START Data extract
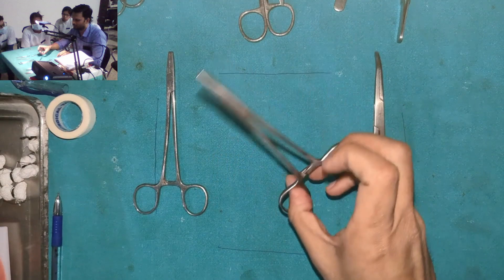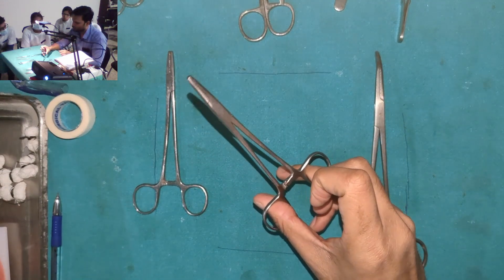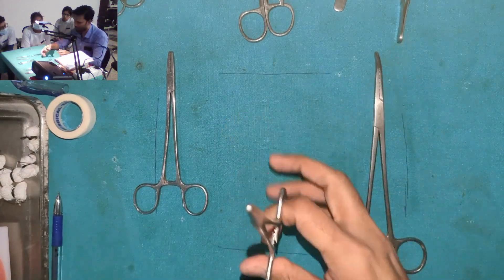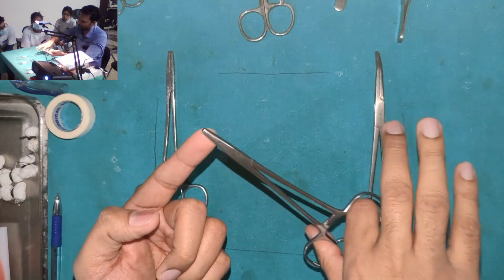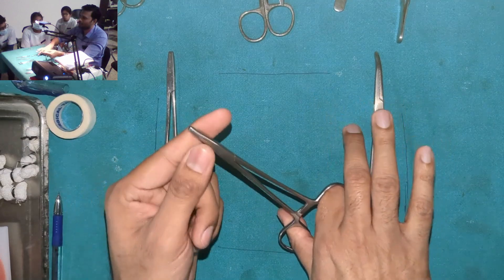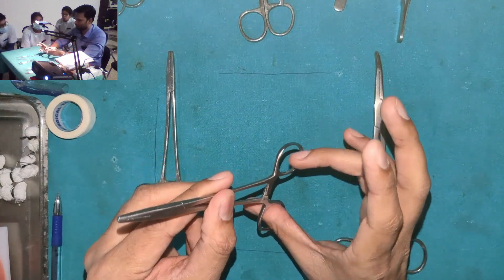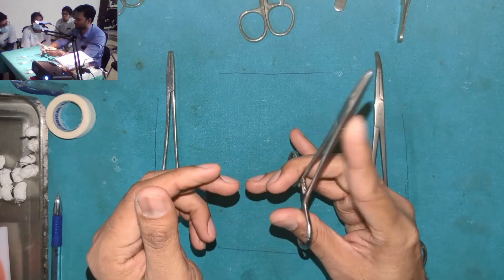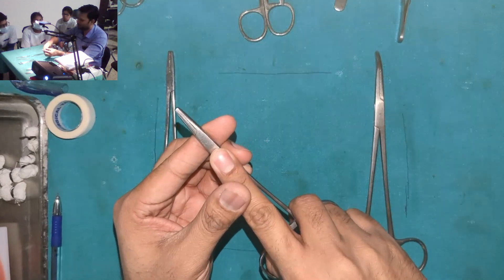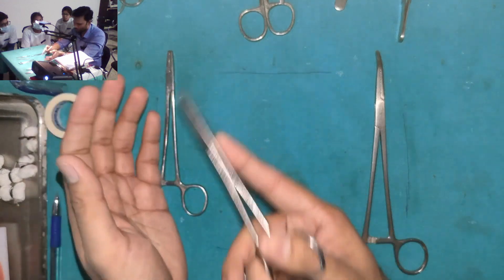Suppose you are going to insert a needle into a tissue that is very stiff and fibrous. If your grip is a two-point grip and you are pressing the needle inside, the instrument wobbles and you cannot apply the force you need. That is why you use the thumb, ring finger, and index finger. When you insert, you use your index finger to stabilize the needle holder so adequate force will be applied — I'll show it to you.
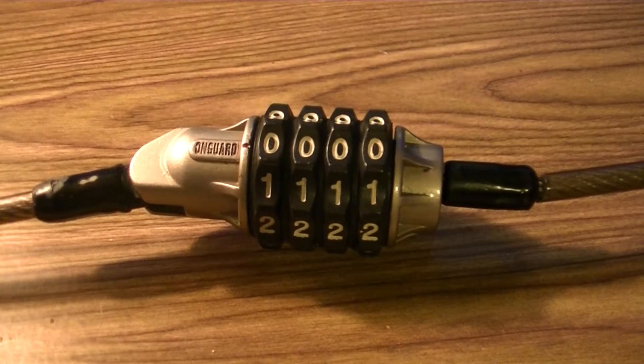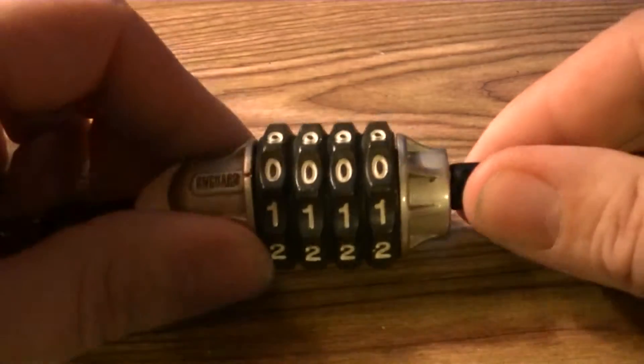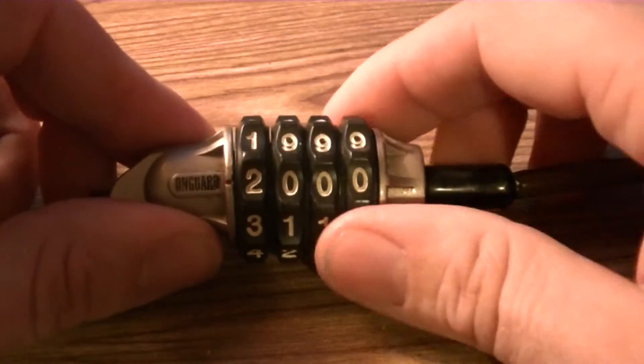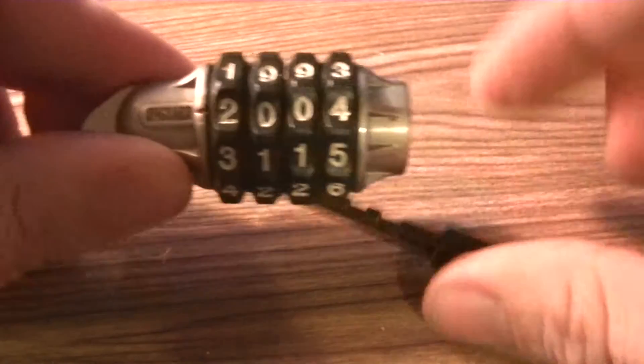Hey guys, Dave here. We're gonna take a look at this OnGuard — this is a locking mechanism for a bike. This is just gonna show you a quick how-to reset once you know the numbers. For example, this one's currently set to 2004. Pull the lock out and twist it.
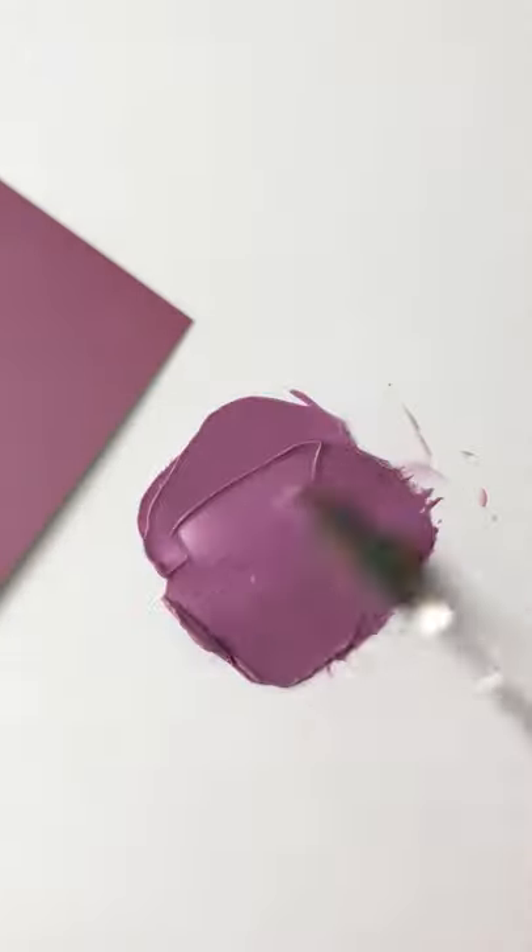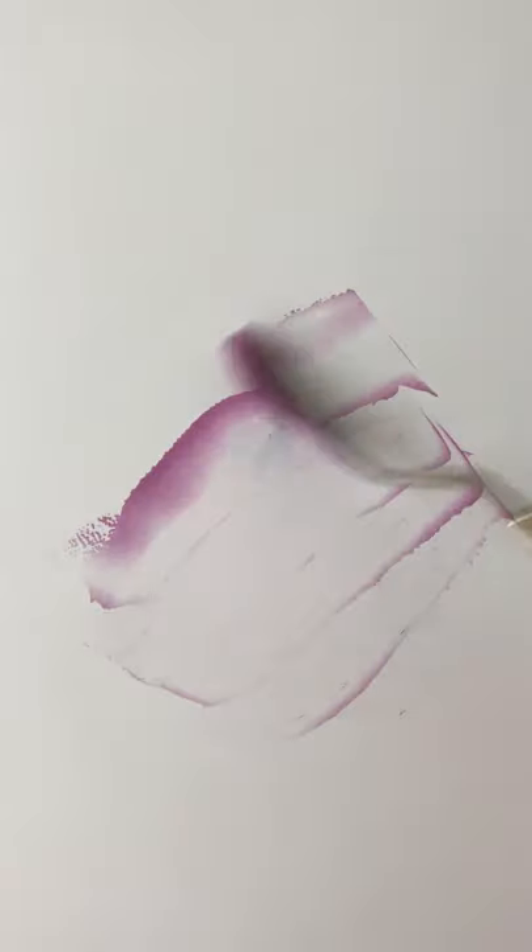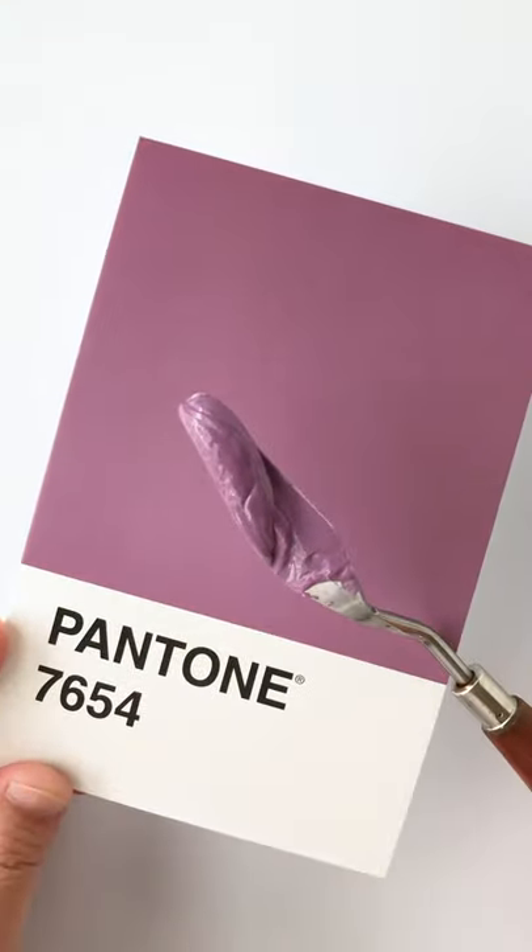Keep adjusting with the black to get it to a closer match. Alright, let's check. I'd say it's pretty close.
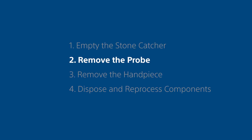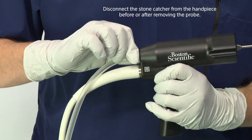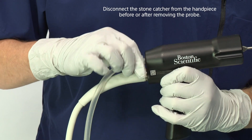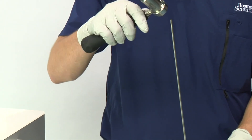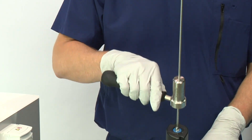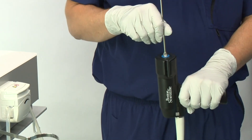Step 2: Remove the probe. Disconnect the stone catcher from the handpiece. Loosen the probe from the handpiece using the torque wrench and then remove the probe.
END Data extract
## Description of the task
With the pictures left out, give again exactly the lines from the one that contains "Hey guys, Dave" through the final line of the data above.

## Problem solution
Hey guys, Dave here. We're gonna take a look at this OnGuard — this is a locking mechanism for a bike. This is just gonna show you a quick how-to reset once you know the numbers. For example, this one's currently set to 2004. Pull the lock out and twist it.
Keep adjusting with the black to get it to a closer match. Alright, let's check. I'd say it's pretty close.
Step 2: Remove the probe. Disconnect the stone catcher from the handpiece. Loosen the probe from the handpiece using the torque wrench and then remove the probe.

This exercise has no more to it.